Nel 2017, M’Bon crea l’account Instagram Noires, dando spazio e volume alle voci di donne nere svizzere. Dal confronto con loro, ricorda di aver compreso molto di se stessa e a un certo punto «ho capito che non potevo più negare la realtà e ho iniziato ad accettare le mie origini. È stato il momento in cui ho perso mio padre e ho deciso di divorziare. In quel momento il progetto del film era la sola cosa che mi rimaneva e ci ho messo tutta me stessa».

Ancora prima di entrare nel vivo della realizzazione del documentario (un paio di anni fa circa), la maniera di raccontare le sue interlocutrici è stata sin da subito un tema ben chiaro, intendendo scardinare l’immaginario che descrive le persone nere nel cinema e in altri ambiti, spesso sbagliato e che «corrobora una narrazione distorta. Ho quindi cercato un modo di combatterlo, contribuendo alla creazione di un’altra rappresentazione lasciando parlare le persone per sé stesse».

Tuttavia, non c’è una ricetta che ciascuna donna può seguire e il cammino di autodeterminazione non si conclude per forza con una conquista, anzi c’è chi rimane ingabbiata per tutta la vita negli stereotipi. E il documentario si propone di raccontare anche queste sfaccettature.

Fenomeno radicato

«Il razzismo strutturale è difficile da definire precisamente, perché ha diverse forme più o meno esplicite. Ma come denota l’aggettivo, si capisce che è parte del sistema e viene espresso in diversi ambiti: dalla scuola, al settore sanitario, passando per quello professionale» e non sempre è facile riconoscerlo, tanto alcuni cliché sono normalizzati, ma «questo fenomeno rende la vita difficile ed è dannoso per tutta la società».

Al di sotto della patina idilliaca (senza nulla togliere a quanto di buono il nostro Paese ha), si (ri)scopre una Svizzera in cui il razzismo sistemico è ancora oggi serpeggiante; nonostante certe figure sostengano il contrario, definendolo una "manipolazione della realtà". Nel 2018, un deputato leghista in Consiglio nazionale aveva depositato la mozione, poi prescritta, ‘Abolire la Commissione federale contro il razzismo’ (da cui si trae il virgolettato appena citato), perché il fenomeno non sarebbe attecchito nel nostro Paese. Andando oltre gli esponenti di destra, un altro fatto significativo è l’entrata in vigore della norma che permette di punire l’istigazione al razzismo, la discriminazione razziale e la negazione dei genocidi (l’articolo 261bis del Codice penale svizzero, per fare i fiscali) che data del 1995, una legge relativamente giovane che «dovrebbe aiutare la lotta al razzismo, ma di fatto non lo fa, perché la sua applicazione è molto macchinosa», postilla M’Bon.

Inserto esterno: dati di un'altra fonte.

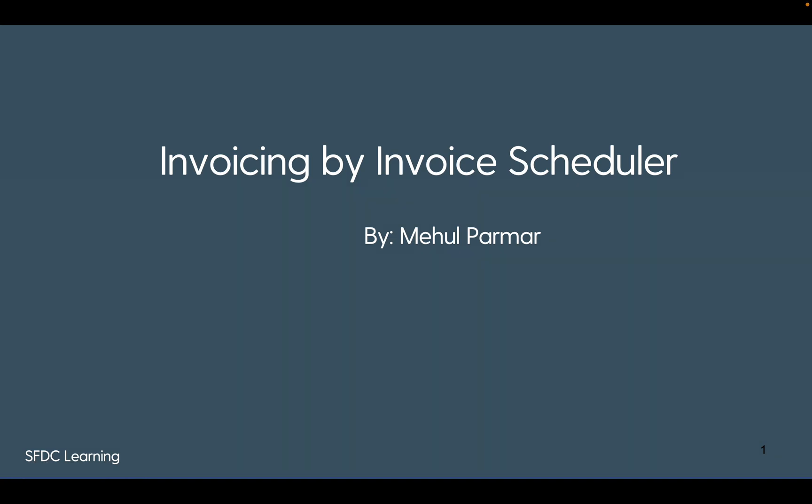Hello everyone, welcome back to my channel. In my previous video on Salesforce billing, we saw how we can utilize the bill now checkbox to generate invoices for a particular order monthly. Today we're going to see another version of invoicing a product, which is called invoicing by invoice scheduler.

La giornalista riconosce che alcuni passi in avanti siano stati fatti, «in particolare a livello di società civile, manca però ancora un impegno più incisivo della politica». Conclude ritenendo che il suo film possa agire «come uno strumento di sensibilizzazione e dialogo. Perché il dialogo è essenziale e fa la differenza».

Postilla

Di primo acchito, masticando un po’ di francese e leggendo il titolo del documentario salta subito all’occhio l’errore grammaticale: ‘Je suis noires’ è sbagliato. (Fughiamo subito i dubbi, non ha a che fare con gli slogan ‘Je suis…’). Ma lo sbaglio è voluto ed esprime, chiarisce Rachel, le dimensioni individuale e collettiva.

Bazzicando ancora nell’ambito linguistico – molto viscoso per la giornalista che, battuta dopo battuta, incorre nel pericolo di cadere nell’offesa –, non possiamo non sottolineare quanto sia una questione centrale nella reiterazione di un immaginario stereotipato, che partecipa alla già citata narrazione distorta. Insomma le parole sono un potente mezzo di discriminazione (più o meno consapevolmente). Ma non si scrive nulla di nuovo. A tal proposito, «personalmente trovo molto fastidiosa e ipocrita l’espressione ‘gente di colore’: che cosa vuol dire? Non si dice (o scrive) "nero" perché magari è razzista, ma razzista è lo sguardo. Dire "nero" è dire la realtà, perché è così che siamo considerati».